**WHAT YOU NEED TO DO:** From the listing below, give again exactly the lines from the line with "Spring Summer Tie-dyed" to the line with "Blue Sapphire - September_7_Ring", ends included, without any pictures.

**DATA TO PROCESS:**
= Beginning of Section =
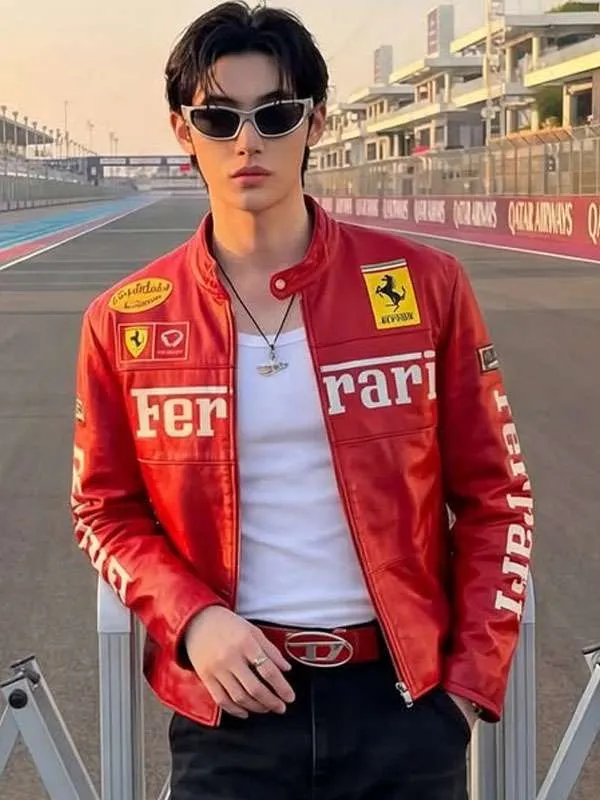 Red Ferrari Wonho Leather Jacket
= End of Section =
= Beginning of Section =
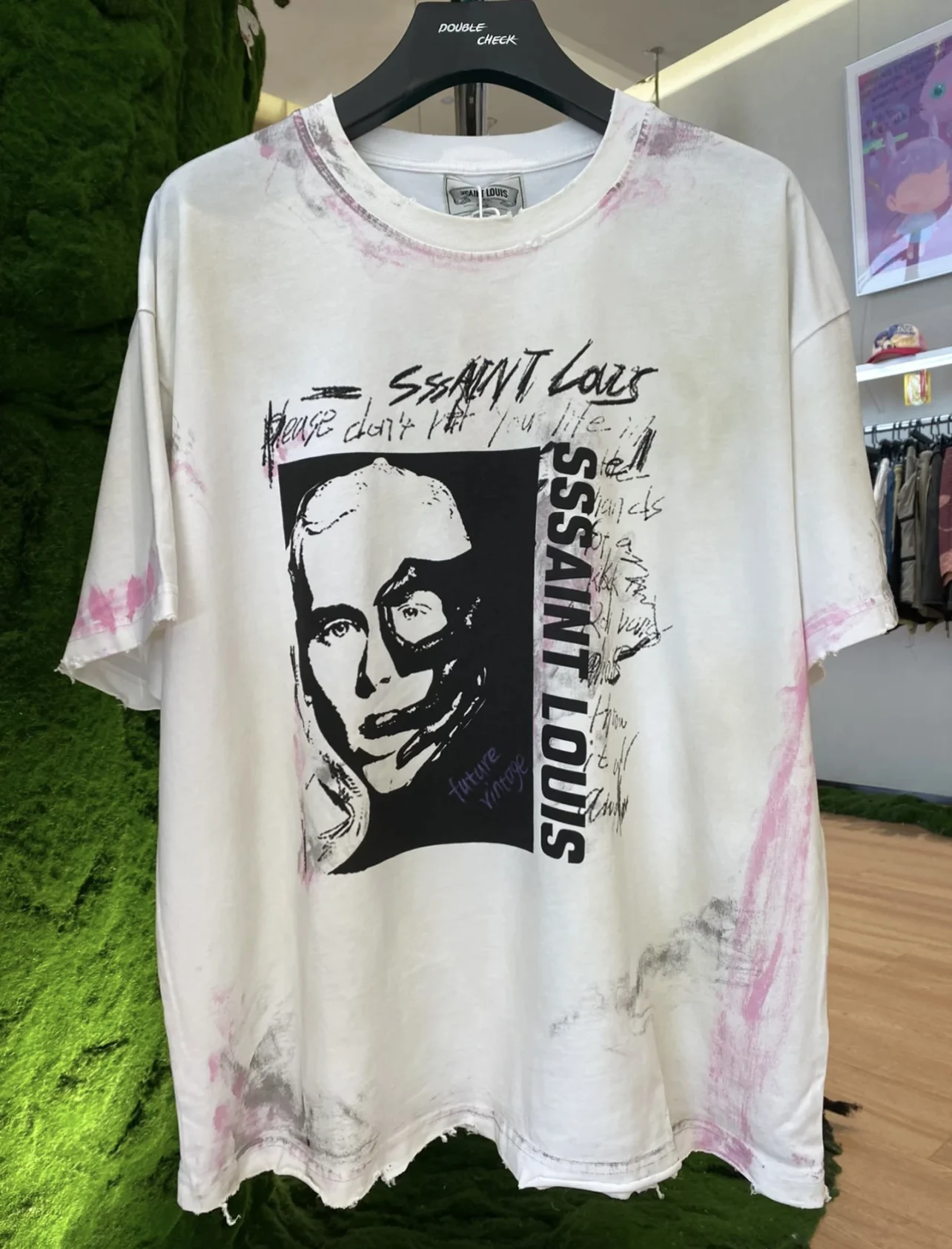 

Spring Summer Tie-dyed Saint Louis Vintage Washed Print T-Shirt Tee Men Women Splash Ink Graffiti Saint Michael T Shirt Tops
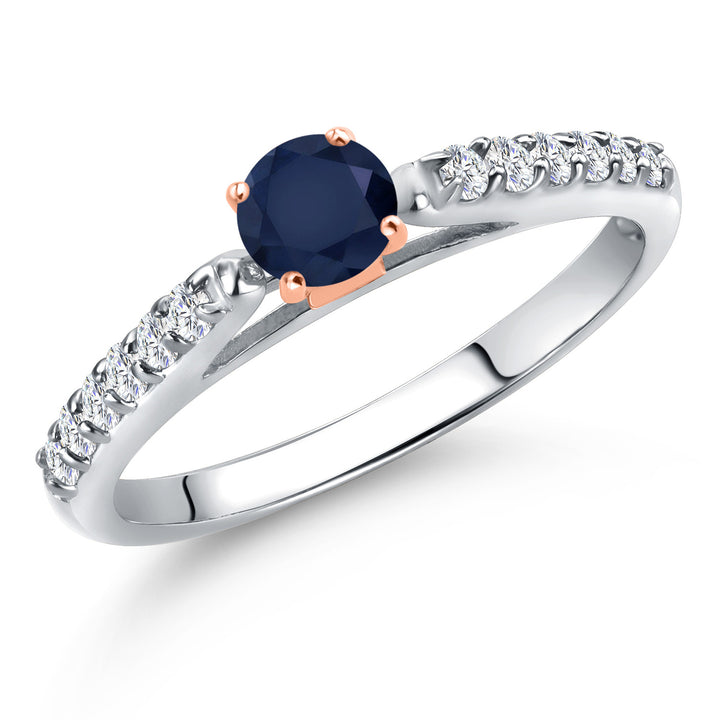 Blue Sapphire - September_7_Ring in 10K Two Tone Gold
= End of Section =
**TASK OUTPUT:**
Spring Summer Tie-dyed Saint Louis Vintage Washed Print T-Shirt Tee Men Women Splash Ink Graffiti Saint Michael T Shirt Tops
 Blue Sapphire - September_7_Ring in 10K Two Tone Gold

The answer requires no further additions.